The identification with the oppressed, enshrined in Judaism in its insistence that Jews were derived from slaves who had been liberated, and in its focus on retelling the story of being oppressed that was central to the Torah, seemed atavistic and naive to the more educated and enlightened Jewish urban dwellers, who pointed to the reactionary tribalistic elements of Torah and sided with the Greeks when they declared circumcision and study of Torah illegal and banned the observance of the Sabbath.

The miracle of Chanukah is that so many people were able to resist the overwhelming "reality" imposed by the imperialists and to stay loyal to a vision of a world based on generosity, love of stranger, and loyalty to an invisible God who promised that life could be based on justice and peace. It was these "little guys," the powerless, who managed  to sustain a vision of hope that inspired them to fight against overwhelming odds, against the power of technology and science organized in the service of domination, and despite the fact that they were dismissed as terrorists and fundamentalist crazies. When this kind of energy, what religious people call "the Spirit of God," becomes ingredient in the consciousness of ordinary people, miracles ensue.
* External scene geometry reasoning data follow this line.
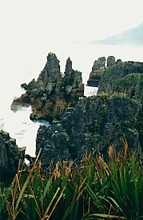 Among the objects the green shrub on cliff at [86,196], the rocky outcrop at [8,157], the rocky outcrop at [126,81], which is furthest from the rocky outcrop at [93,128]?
the green shrub on cliff at [86,196]

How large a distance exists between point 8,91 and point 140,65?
4711 centimetres

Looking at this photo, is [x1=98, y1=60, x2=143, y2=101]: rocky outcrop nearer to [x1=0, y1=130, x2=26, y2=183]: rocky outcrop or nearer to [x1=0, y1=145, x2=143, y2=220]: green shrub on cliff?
[x1=0, y1=130, x2=26, y2=183]: rocky outcrop

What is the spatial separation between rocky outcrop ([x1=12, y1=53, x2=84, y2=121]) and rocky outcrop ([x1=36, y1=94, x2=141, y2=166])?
37368 mm

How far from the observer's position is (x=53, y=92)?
96.7 metres

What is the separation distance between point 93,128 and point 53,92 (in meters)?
49.8

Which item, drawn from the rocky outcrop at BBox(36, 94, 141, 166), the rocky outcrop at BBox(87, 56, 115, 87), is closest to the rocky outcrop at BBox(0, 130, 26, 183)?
the rocky outcrop at BBox(36, 94, 141, 166)

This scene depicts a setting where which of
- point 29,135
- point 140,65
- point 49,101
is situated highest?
point 140,65

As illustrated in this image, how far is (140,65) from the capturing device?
3462 inches

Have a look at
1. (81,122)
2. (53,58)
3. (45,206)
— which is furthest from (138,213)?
(53,58)

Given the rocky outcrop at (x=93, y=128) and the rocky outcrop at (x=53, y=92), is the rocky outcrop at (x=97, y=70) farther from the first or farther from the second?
the rocky outcrop at (x=93, y=128)

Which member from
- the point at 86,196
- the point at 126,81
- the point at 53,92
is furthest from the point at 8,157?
the point at 53,92

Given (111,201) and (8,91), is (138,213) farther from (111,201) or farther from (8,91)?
(8,91)

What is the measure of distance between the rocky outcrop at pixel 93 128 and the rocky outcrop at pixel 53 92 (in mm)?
37368

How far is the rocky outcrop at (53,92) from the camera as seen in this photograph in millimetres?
89500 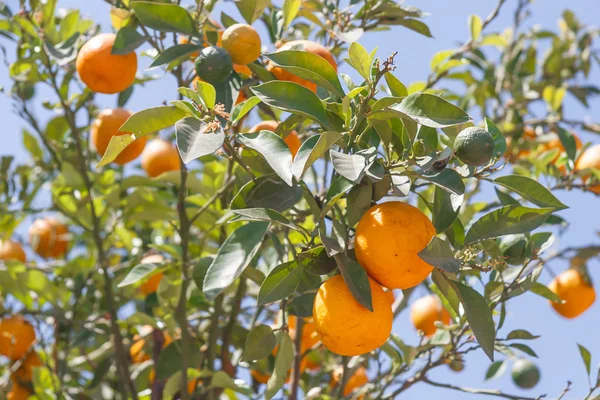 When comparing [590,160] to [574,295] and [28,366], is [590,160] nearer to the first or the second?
[574,295]

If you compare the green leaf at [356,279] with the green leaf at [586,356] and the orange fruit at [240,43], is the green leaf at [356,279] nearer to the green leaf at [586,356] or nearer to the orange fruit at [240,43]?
the orange fruit at [240,43]

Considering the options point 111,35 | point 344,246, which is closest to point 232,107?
point 344,246

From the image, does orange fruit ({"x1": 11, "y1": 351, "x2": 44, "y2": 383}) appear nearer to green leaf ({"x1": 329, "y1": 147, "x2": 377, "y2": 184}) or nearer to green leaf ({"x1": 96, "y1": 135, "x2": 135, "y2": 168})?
green leaf ({"x1": 96, "y1": 135, "x2": 135, "y2": 168})

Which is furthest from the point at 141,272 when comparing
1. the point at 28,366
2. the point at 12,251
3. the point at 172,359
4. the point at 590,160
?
the point at 590,160

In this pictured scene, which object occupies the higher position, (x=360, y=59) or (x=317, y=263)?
(x=360, y=59)

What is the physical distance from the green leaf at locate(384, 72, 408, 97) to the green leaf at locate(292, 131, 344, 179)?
18 cm

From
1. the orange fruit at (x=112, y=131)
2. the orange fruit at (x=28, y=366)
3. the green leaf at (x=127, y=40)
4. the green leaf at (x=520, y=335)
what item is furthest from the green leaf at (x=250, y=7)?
the orange fruit at (x=28, y=366)

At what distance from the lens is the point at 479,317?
48.8 inches

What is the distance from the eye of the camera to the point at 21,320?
7.68ft

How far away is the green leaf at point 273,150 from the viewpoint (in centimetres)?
115

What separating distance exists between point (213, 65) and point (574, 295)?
A: 5.42 feet

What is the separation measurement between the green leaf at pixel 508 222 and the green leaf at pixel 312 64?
1.12ft

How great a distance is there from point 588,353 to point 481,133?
89cm

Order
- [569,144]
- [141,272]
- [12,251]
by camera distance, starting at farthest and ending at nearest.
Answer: [12,251] → [569,144] → [141,272] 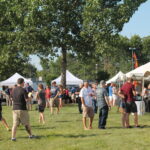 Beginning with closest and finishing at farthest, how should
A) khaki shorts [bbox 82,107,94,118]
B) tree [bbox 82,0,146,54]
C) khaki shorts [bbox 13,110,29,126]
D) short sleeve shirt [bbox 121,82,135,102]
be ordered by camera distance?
khaki shorts [bbox 13,110,29,126]
khaki shorts [bbox 82,107,94,118]
short sleeve shirt [bbox 121,82,135,102]
tree [bbox 82,0,146,54]

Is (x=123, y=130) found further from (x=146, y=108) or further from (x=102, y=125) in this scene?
(x=146, y=108)

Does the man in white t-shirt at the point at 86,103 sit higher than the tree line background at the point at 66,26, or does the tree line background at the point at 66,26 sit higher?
the tree line background at the point at 66,26

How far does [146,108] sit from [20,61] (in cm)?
3246

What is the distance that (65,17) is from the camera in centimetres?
3428

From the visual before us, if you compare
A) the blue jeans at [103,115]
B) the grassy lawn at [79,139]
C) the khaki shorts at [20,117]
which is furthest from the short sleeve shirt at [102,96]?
the khaki shorts at [20,117]

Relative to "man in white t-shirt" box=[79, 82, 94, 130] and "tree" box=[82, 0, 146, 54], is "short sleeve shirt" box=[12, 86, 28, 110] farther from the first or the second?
"tree" box=[82, 0, 146, 54]

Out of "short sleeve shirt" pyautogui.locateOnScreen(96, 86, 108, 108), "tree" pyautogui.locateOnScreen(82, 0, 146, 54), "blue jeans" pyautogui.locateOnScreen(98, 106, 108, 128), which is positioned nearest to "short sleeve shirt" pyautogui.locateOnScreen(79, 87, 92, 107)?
"short sleeve shirt" pyautogui.locateOnScreen(96, 86, 108, 108)

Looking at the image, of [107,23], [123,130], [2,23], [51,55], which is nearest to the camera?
[123,130]

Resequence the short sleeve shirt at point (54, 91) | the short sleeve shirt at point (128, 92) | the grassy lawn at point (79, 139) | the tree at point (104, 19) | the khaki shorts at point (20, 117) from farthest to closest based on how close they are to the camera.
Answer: the tree at point (104, 19) < the short sleeve shirt at point (54, 91) < the short sleeve shirt at point (128, 92) < the khaki shorts at point (20, 117) < the grassy lawn at point (79, 139)

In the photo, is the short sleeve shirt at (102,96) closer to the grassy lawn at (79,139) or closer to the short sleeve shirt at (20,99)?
the grassy lawn at (79,139)

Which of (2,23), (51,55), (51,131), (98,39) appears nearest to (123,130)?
(51,131)

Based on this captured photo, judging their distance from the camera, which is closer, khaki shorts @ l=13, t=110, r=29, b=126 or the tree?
khaki shorts @ l=13, t=110, r=29, b=126

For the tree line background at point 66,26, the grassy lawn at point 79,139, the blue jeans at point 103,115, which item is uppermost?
the tree line background at point 66,26

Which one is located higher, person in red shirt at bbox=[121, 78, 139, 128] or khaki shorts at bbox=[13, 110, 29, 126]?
person in red shirt at bbox=[121, 78, 139, 128] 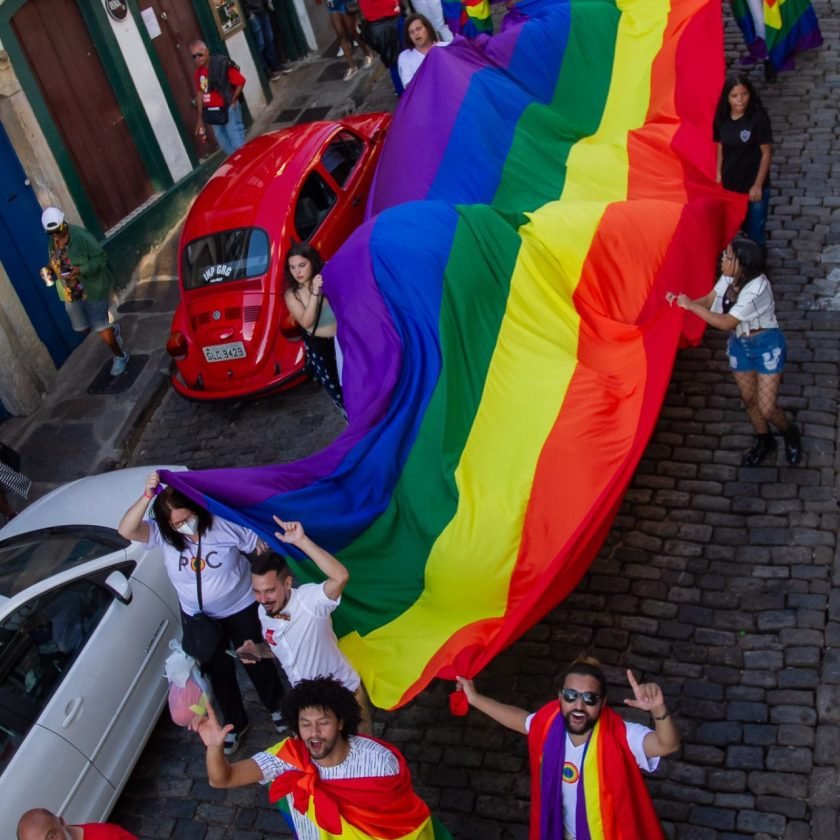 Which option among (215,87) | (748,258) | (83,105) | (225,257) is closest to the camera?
(748,258)

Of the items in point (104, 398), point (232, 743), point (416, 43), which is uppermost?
point (416, 43)

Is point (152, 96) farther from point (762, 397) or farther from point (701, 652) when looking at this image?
point (701, 652)

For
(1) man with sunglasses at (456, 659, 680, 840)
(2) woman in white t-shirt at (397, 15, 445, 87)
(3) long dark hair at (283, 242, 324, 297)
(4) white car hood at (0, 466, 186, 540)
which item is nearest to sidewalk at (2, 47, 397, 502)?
(4) white car hood at (0, 466, 186, 540)

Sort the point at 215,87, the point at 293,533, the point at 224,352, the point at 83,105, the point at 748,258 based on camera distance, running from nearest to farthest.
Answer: the point at 293,533
the point at 748,258
the point at 224,352
the point at 83,105
the point at 215,87

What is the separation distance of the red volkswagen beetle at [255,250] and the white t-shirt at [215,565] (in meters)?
3.40

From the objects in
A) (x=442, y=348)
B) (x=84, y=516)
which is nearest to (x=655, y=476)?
(x=442, y=348)

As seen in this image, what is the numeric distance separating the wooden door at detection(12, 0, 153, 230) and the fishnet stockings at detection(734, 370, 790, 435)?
8.07 metres

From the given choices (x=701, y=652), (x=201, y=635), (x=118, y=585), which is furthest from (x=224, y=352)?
(x=701, y=652)

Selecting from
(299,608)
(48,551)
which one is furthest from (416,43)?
(299,608)

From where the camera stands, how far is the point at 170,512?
17.7ft

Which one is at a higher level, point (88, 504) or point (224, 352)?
point (88, 504)

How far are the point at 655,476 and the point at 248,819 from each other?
338 centimetres

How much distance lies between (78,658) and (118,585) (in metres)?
0.46

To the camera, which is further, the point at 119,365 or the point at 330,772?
the point at 119,365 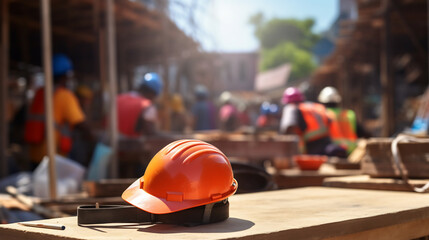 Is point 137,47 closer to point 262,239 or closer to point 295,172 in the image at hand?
point 295,172

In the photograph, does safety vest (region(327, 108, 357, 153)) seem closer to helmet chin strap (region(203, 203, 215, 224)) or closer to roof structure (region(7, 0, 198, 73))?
roof structure (region(7, 0, 198, 73))

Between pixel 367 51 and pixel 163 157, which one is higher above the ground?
pixel 367 51

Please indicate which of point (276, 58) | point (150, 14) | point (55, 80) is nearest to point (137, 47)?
point (150, 14)

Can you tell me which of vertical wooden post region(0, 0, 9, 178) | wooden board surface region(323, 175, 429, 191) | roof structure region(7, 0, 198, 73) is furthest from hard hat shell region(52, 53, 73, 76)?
wooden board surface region(323, 175, 429, 191)

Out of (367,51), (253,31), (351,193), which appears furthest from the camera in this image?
(253,31)

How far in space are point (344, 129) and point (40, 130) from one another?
4.03 meters

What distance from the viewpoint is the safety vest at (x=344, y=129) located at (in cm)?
866

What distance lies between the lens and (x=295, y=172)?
5.63m

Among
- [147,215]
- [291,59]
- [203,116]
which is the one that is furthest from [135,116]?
[291,59]

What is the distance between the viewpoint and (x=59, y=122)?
7.21 meters

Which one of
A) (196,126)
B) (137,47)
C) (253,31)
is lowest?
(196,126)

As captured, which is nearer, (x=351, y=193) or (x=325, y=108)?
(x=351, y=193)

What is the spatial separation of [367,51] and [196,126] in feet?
23.8

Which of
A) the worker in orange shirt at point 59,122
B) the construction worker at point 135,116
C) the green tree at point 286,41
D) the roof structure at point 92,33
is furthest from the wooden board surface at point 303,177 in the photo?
the green tree at point 286,41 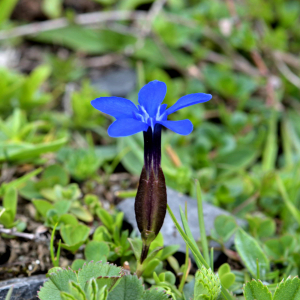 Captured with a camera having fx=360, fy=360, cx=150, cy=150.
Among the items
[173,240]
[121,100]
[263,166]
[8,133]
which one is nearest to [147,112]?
[121,100]

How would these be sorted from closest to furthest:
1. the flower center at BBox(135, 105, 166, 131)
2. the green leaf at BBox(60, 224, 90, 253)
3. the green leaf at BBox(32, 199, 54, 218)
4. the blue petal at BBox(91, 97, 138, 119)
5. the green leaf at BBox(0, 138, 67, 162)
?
the blue petal at BBox(91, 97, 138, 119), the flower center at BBox(135, 105, 166, 131), the green leaf at BBox(60, 224, 90, 253), the green leaf at BBox(32, 199, 54, 218), the green leaf at BBox(0, 138, 67, 162)

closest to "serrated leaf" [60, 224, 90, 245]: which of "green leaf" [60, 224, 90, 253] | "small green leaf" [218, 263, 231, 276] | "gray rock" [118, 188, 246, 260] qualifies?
"green leaf" [60, 224, 90, 253]

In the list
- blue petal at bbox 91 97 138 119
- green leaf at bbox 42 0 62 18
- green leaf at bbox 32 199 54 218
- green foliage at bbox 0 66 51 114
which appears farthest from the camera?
green leaf at bbox 42 0 62 18

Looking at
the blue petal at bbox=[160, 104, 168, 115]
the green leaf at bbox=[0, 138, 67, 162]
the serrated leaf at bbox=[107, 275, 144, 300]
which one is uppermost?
the blue petal at bbox=[160, 104, 168, 115]

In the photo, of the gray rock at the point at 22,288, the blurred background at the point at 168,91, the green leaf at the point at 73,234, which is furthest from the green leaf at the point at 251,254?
the gray rock at the point at 22,288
    It is this same radical hope, whether rooted in religion or secularist belief systems, that remains the foundation for all who continue to struggle for a world of peace and social justice at a time when the champions of war and injustice dominate the political and economic institutions of our own society, often with the assistance of their contemporary cheerleading religious leaders. It is that radical hope that is celebrated this Chanukah by those Jews who have not yet joined the contemporary Hellenists.



Rabbi Lerner's commentary:

1.  If you read the original article, you will see that I do not say anything that could justify Hitchens claim that I said "away with all that" referring to rational thinking or Greek culture. What I did say was that the Maccabbees perceived that culture as part of the overall enterprise of Greek imperialism. "To the Maccabees, the issue of Greek militarism, social injustice and oppression were far more salient than the accomplishments of Greek high culture. Whatever might be the value of Athenian democracy, the reality that it exported to the world through Alexander and his successors was oppressive and exploitative." The same may help us understand (not agree with) the rejection of Western culture by some fundamentalist groups today, seeing that culture as fundamentally linked to Western imperialism.  Understanding that gives us a better way not to apologize for fundamentalism but to challenge it effectively.

Let me explain. The imperialists set a choice for peoples that they conquer: If you want our science, literature, and culture (all things that I value, and many others should too), then you must embrace our political, economic and cultural domination over you. The fundamentalists respond by saying: no, I don't want your economic, political or cultural domination, and anyone who wants true freedom and an opportunity to hold on to what is good in the religious traditions that we've developed must reject anything that smacks of Western versions of rationality, science, literature and culture.

But to those of us who are spiritual progressives, this choice is a false one imposed by two contending sides each of which has something to offer and each of which has much that is distorted.

As I describe in my books The Politics of Meaning (1996), Spirit Matters (2000) and The Left Hand of God: Taking Back our Country From the Religious Right (2006), a spiritual progressive embraces science and rationality, though it also embraces forms of rationality that have been developed by women and that integrate aspects of emotional, spiritual,  and ecological literacy into our conceptions of rationality (all of which are increasingly now being explored by social science and psychology).  But a spiritual progressive also embraces "A new bottom line" in which institutions, social practices, corporations, government policies and even our own behavior are judged "efficient, rational or productive" not only to the extent that they maximize money or power (the Old Bottom Line), but also to the extent that they maximize love and caring, kindness and generosity, ethical and ecological sensitivity, enhance our capacities to experience others as embodiments of the sacred and enhance our capacities to respond to the universe with awe, wonder and radical amazement at the grandeur of  all being.  This is a conception of rationality and productivity and efficiency that does not derive from the wisdom of Athens or Rome and their powerful armies, but from Jerusalem (though it is shared by many of the other wisdom traditions of the world).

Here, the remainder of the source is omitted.